[proofplan]
The key point is that every proper submodule of a Verma module misses the highest weight line $\mathbb C v_\lambda$, because $v_\lambda$ cyclically generates $M(\lambda)$. We then use the weight-space decomposition of $M(\lambda)$ to prove that the sum of all proper submodules still misses this highest weight line, so that this sum is itself proper. This sum is therefore the unique maximal proper submodule, and quotienting by it gives the desired irreducible highest weight quotient.
[/proofplan]
[step:Record the highest weight line and cyclic generation of $M(\lambda)$]

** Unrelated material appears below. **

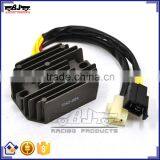 Recommended Motorbike Motorcycle Voltage Regulator Rectifier For Suzuki LS650 Savage 1986-2012 thumbnail-1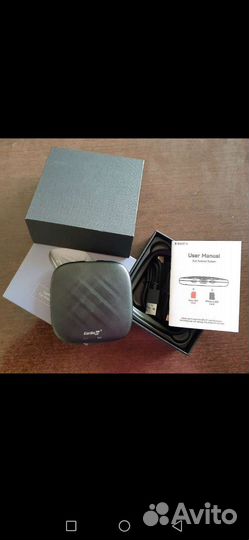 Android tv box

Let $\mathbb C_\lambda$ denote the one-dimensional $\mathfrak b$-module on which every $h\in\mathfrak h$ acts by the scalar $\lambda(h)$ and every $x\in\mathfrak n^+$ acts by $0$. By definition,
\begin{align*}
M(\lambda)=U(\mathfrak g)\otimes_{U(\mathfrak b)}\mathbb C_\lambda,
\end{align*}
and its canonical vector is
\begin{align*}
v_\lambda:=1\otimes 1\in M(\lambda).
\end{align*}
For every $h\in\mathfrak h$ and $x\in\mathfrak n^+$,
\begin{align*}
h v_\lambda=\lambda(h)v_\lambda
\end{align*}
and
\begin{align*}
x v_\lambda=0.
\end{align*}
Moreover $M(\lambda)=U(\mathfrak g)v_\lambda$ by the definition of the induced module. Hence any $\mathfrak g$-submodule $N\subset M(\lambda)$ with $v_\lambda\in N$ satisfies
\begin{align*}
M(\lambda)=U(\mathfrak g)v_\lambda\subset N,
\end{align*}
so $N=M(\lambda)$.
[/step]
[step:Show every proper submodule has zero $\lambda$-weight space]

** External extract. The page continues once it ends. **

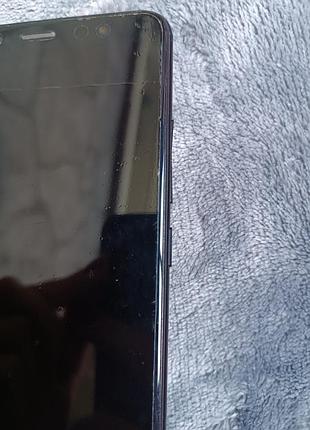 Смартфон xiaomi redmi note 5 5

Let $M(\lambda)_\mu$ denote the $\mu$-weight space of $M(\lambda)$:
\begin{align*}
M(\lambda)_\mu:=\{m\in M(\lambda): hm=\mu(h)m\text{ for every }h\in\mathfrak h\}.
\end{align*}
Since $\mathfrak g$ is finite-dimensional complex semisimple with the chosen positive root system $\Phi^+$ and triangular decomposition from the theorem statement, the hypotheses of [citetheorem:9376] apply to $M(\lambda)$. Therefore the Verma module has weight decomposition
\begin{align*}
M(\lambda)=\bigoplus_{\beta\in Q_+}M(\lambda)_{\lambda-\beta},
\end{align*}
and its highest weight space is
\begin{align*}
M(\lambda)_\lambda=\mathbb C v_\lambda.
\end{align*}
Let $N\subset M(\lambda)$ be a $\mathfrak g$-submodule. We first note that $N$ is a weight submodule. Indeed, take $m\in N$ and write its finite weight decomposition as
\begin{align*}
m=\sum_{\mu\in S}m_\mu,
\end{align*}
where $S\subset\mathfrak h^*$ is a finite set and $m_\mu\in M(\lambda)_\mu$. Fix $\mu_0\in S$. For every $\mu\in S\setminus\{\mu_0\}$ choose $h_\mu\in\mathfrak h$ such that $\mu_0(h_\mu)\ne\mu(h_\mu)$, and define an element $p_{\mu_0}\in U(\mathfrak h)$ by
\begin{align*}
p_{\mu_0}:=\prod_{\mu\in S\setminus\{\mu_0\}}\frac{h_\mu-\mu(h_\mu)}{\mu_0(h_\mu)-\mu(h_\mu)}.
\end{align*}
Since $N$ is stable under $U(\mathfrak g)$ and $U(\mathfrak h)\subset U(\mathfrak g)$, we have $p_{\mu_0}m\in N$. On each weight component, $p_{\mu_0}$ acts by scalar evaluation at the corresponding weight, so $p_{\mu_0}m=m_{\mu_0}$. Thus each $m_{\mu_0}$ lies in $N$, and
\begin{align*}
N=\bigoplus_{\mu\in\mathfrak h^*}(N\cap M(\lambda)_\mu).
\end{align*}
Now suppose $N$ is proper. If $N\cap M(\lambda)_\lambda\ne 0$, then $M(\lambda)_\lambda=\mathbb C v_\lambda$ implies $v_\lambda\in N$, and the previous step gives $N=M(\lambda)$, a contradiction. Therefore
\begin{align*}
N\cap M(\lambda)_\lambda=0.
\end{align*}
[guided]
The delicate point is to justify that a submodule cannot hide a highest-weight component inside a sum of lower-weight terms. This is why we first prove that submodules are compatible with the weight decomposition.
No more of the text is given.